The complexity of datafication processes and the wealth of theoretically relevant data and knowledge pose a significant challenge. Merely displaying all information overwhelms and confuses researchers, rather than empower them. We thus turn the question around and ask: Given specific tasks and data, what do we actually need to consider in order to draw valid conclusions? How can we empower researchers to obtain and consider relevant information? Within DH, adequate critique of data, software, interfaces, methods and outputs from the standpoint of established insights and best practices remains an unresolved problem. We subsume these requirements - regarded as essential skills for historians in the digital age - under the term “transparency”.

Interoperability, scalability and sustainability

Starting from digitised sources originating from diverse cultural institutions, the production of semantic enrichments integrated into a shared historical information and vector space with which users can interact requires the development and deployment of various interdependent components. To this end, we consider which information needs to flow where and how, and how best to encode it according to different needs, e.g. offline and online processing steps, storage, distributed computing, web services.

We strive for a high level of interoperability in terms of data formats and representation models, allowing the seamless handling of sources and semantic enrichments by the various project components and their smooth reintegration into libraries and media archives. We also ensure the necessary scalability for the processing of large-scale media collections.

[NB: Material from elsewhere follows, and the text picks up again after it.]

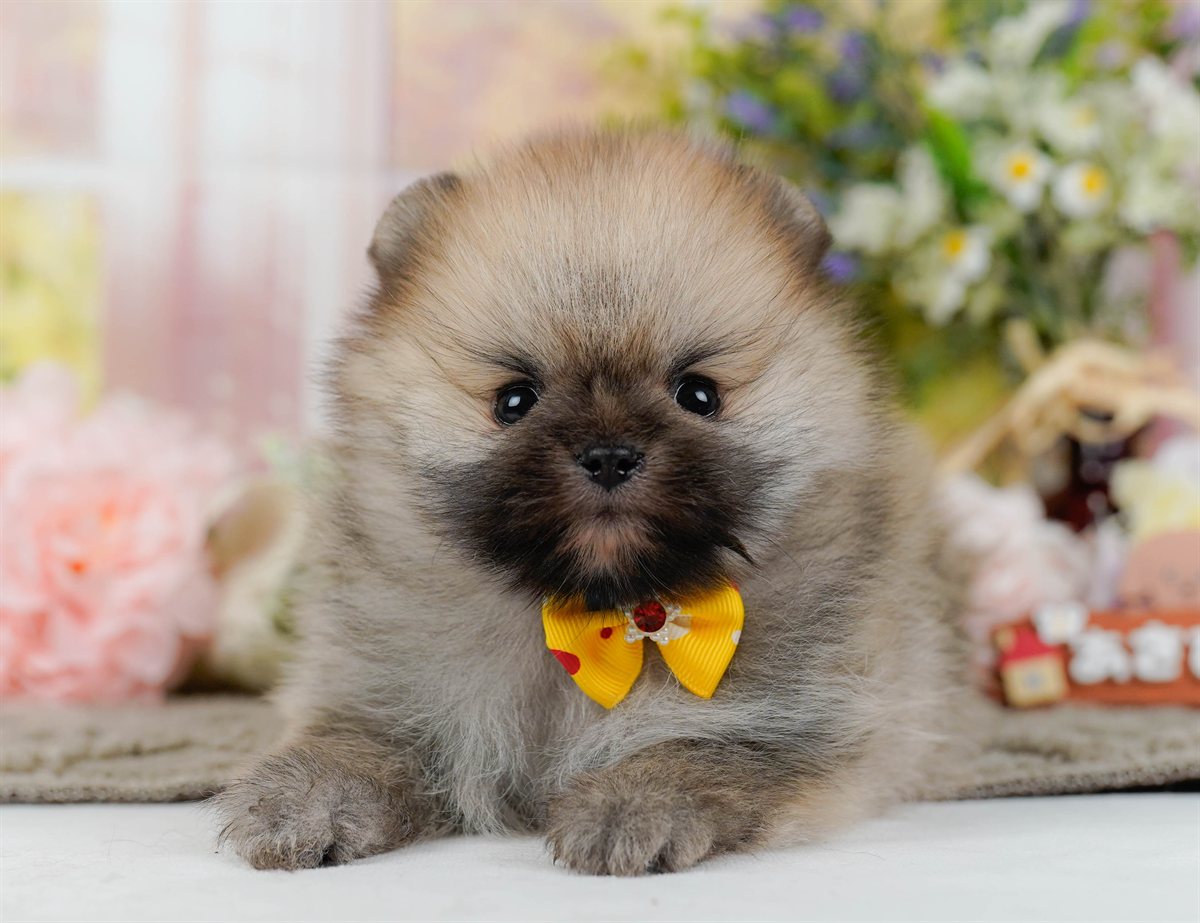 ポメラニアン | 男の子 | オレンジセーブル | 2026年2月9日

Finally, we are working towards the sustainability of the developed tools, services and interfaces: in close collaboration with our partners, we establish a roadmap towards the consolidation, preservation and maintenance of impresso as a historical media platform for institutions, researchers and contributing developers. This includes considerations of the questions of governance, distributed maintenance and growth, and the provision of digitised media and derivative results as research data that can be persistently queried, cited and retrieved.

Open science

We adopt open science practices based on the FAIR principles and ensure open access to project results through publication of software, datasets and articles, as well as the reproducibility of research results through publication of notebooks and code on versioned repositories.